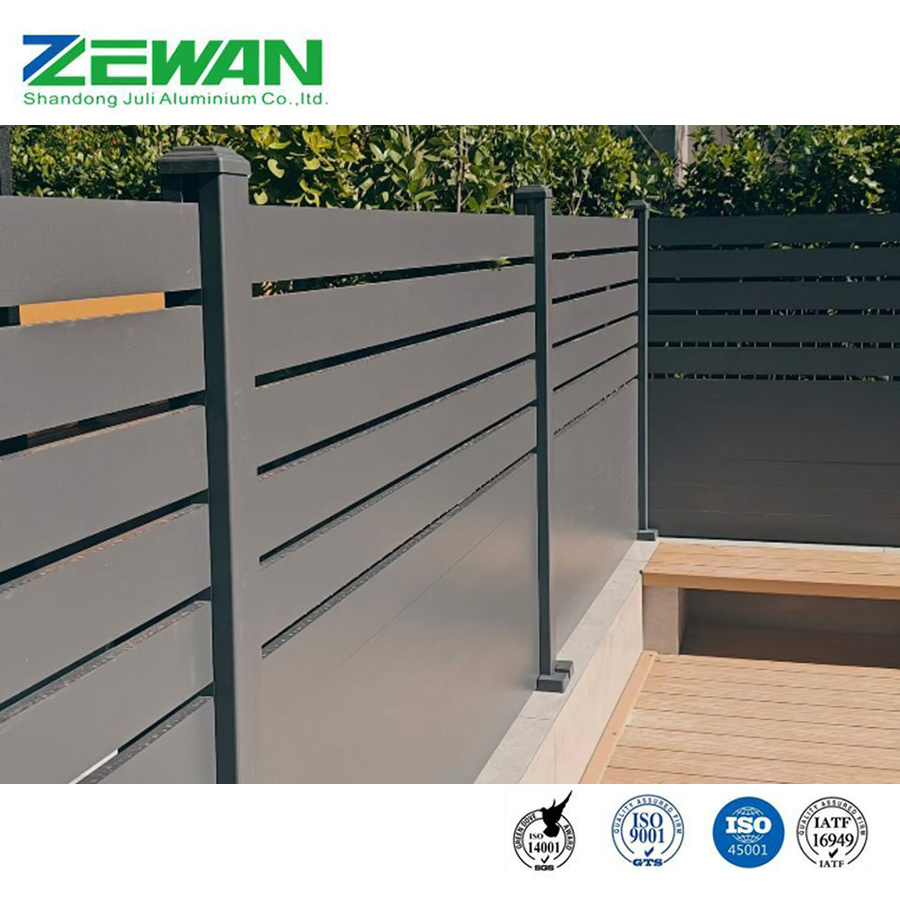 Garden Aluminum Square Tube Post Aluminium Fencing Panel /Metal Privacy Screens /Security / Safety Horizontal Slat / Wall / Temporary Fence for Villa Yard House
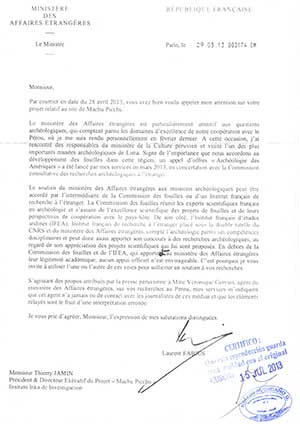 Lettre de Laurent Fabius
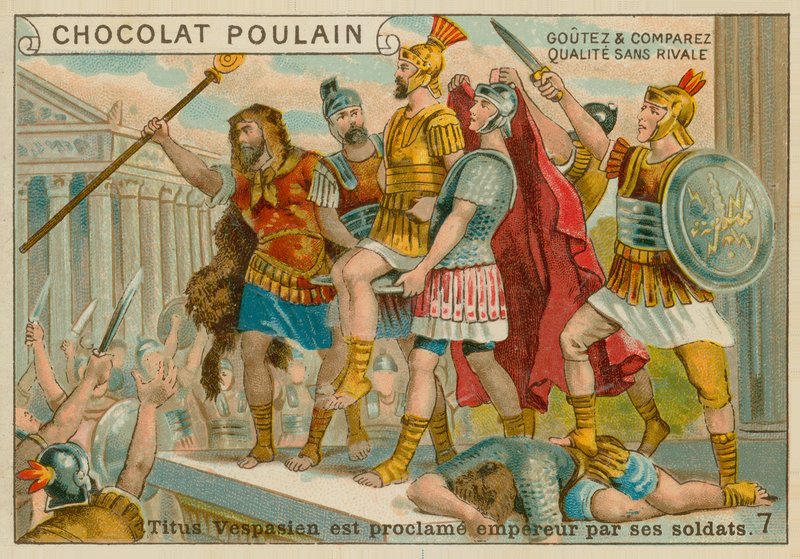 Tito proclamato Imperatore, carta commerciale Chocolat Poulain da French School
--
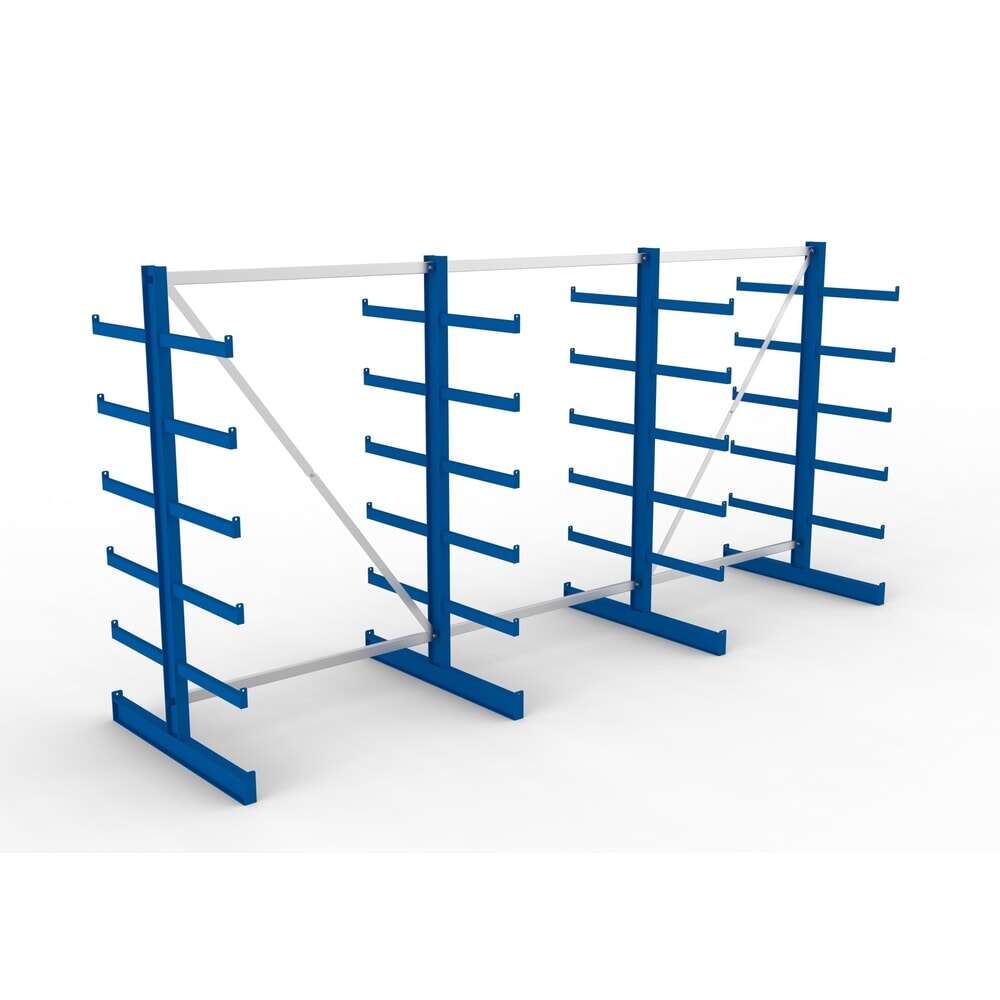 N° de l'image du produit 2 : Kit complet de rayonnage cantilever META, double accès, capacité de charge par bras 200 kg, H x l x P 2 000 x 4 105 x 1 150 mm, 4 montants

## Task to complete
A clean copy is needed of the lines in the listing above from the one with "Garden Aluminum Square" through the one with "Lettre de Laurent Fabius", exact in every word and free of pictures.

## Response for this exercise
 Garden Aluminum Square Tube Post Aluminium Fencing Panel /Metal Privacy Screens /Security / Safety Horizontal Slat / Wall / Temporary Fence for Villa Yard House
 Lettre de Laurent Fabius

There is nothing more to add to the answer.